Atualizado: 7 de out. de 2020

O PROJETO DETECTA dá continuidade à série "Narrativas monarquistas" e investiga mais um conteúdo suspeito divulgado nas redes sociais. Consultando a bibliografia sobre o tema e com ajuda de pesquisadores da área, apuramos as relações entre escravidão e a família imperial brasileira durante o Segundo Reinado.

“A família imperial não tinha escravos. Todos os negros eram alforriados e assalariados, em todos os imóveis da família”, afirma a página Pedro II do Brasil em postagem publicada no Facebook em 22 de setembro de 2016 (veja print abaixo).


Como afirmamos no primeiro artigo da série “Narrativas monarquistas”, essa postagem (ou versões dela) tem circulado pela internet, sendo compartilhada por outros perfis nas redes sociais ou replicada em blogs e sites monarquistas. Por isso, o Projeto Detecta iniciou uma verificação para apurar o que é fato e o que é desinformação nessas mensagens.


Neste segundo artigo da série, trataremos da relação entre a Casa Imperial e a escravidão. O agente especial MarcBot reuniu nossa equipe para mais uma cuidadosa investigação; desta vez, com o objetivo de conferir se é verdade que a família reinante no Brasil não tinha escravos e se todos os negros e negras que trabalhavam para a Casa Imperial eram alforriados e assalariados.

Print de postagem da página Pedro II do Brasil no Facebook (22/09/2016)

Pesquisa


A escravidão negra é um dos temas mais explorados pela historiografia no Brasil. Isso tem uma explicação: entre os séculos XVI e XIX, territórios que hoje fazem parte do nosso país foram os que mais receberam pessoas escravizadas procedentes da África; além disso, o Brasil foi o último país ocidental a abolir a escravidão. Historiadores e sociólogos consideram a experiência da escravidão como um elemento estruturante da nossa sociedade.


Portanto, além de ser um tema clássico, a escravidão suscita sempre novos estudos. As pesquisas não param e nunca deixam de trazer contribuições reveladoras. Para este artigo, a equipe do Projeto Detecta buscou se apoiar na historiografia mais atualizada e priorizou os trabalhos de dois pesquisadores: Ilana Peliciari Rocha e Tâmis Peixoto Parron, cuja produção acadêmica tem muito a ver com o assunto desse artigo. A obra já consagrada de Lilia Moritz Schwarcz também foi fundamental para o trabalho da nossa equipe.


Antes de apresentar os resultados da pesquisa, precisamos ter em mente que não havia no Brasil uma distinção muito clara entre o que pertencia ao Estado e o que era propriedade da família imperial. Essa era uma situação bem comum nas monarquias absolutistas, onde os assuntos da administração pública se misturavam com os assuntos particulares do monarca e até de funcionários empregados nos serviços públicos.

É mais ou menos isso que Max Weber definia como patrimonialismo.
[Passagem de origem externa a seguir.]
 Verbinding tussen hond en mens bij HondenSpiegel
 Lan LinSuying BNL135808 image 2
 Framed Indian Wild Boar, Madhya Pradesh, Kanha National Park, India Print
Para alguns intérpretes, como Raymundo Faoro e Sérgio Buarque de Holanda, o patrimonialismo (herança da colonização portuguesa) deixou marcas fortes na formação social do Brasil. A confusão entre público e privado costuma ser vista como uma chave para explicar a corrupção do Estado. Mas esse é um assunto controverso e vamos nos ater ao que importa para este artigo.


É verdade que o Império do Brasil era uma monarquia constitucional, não absolutista, mas a racionalidade pública que se atribui àqueles tempos encontrou alguns limitadores na formação do Estado brasileiro. Certamente, a persistência da escravidão e a forma como ela foi tratada pelo governo imperial constituíram um entrave à pretendida modernização política.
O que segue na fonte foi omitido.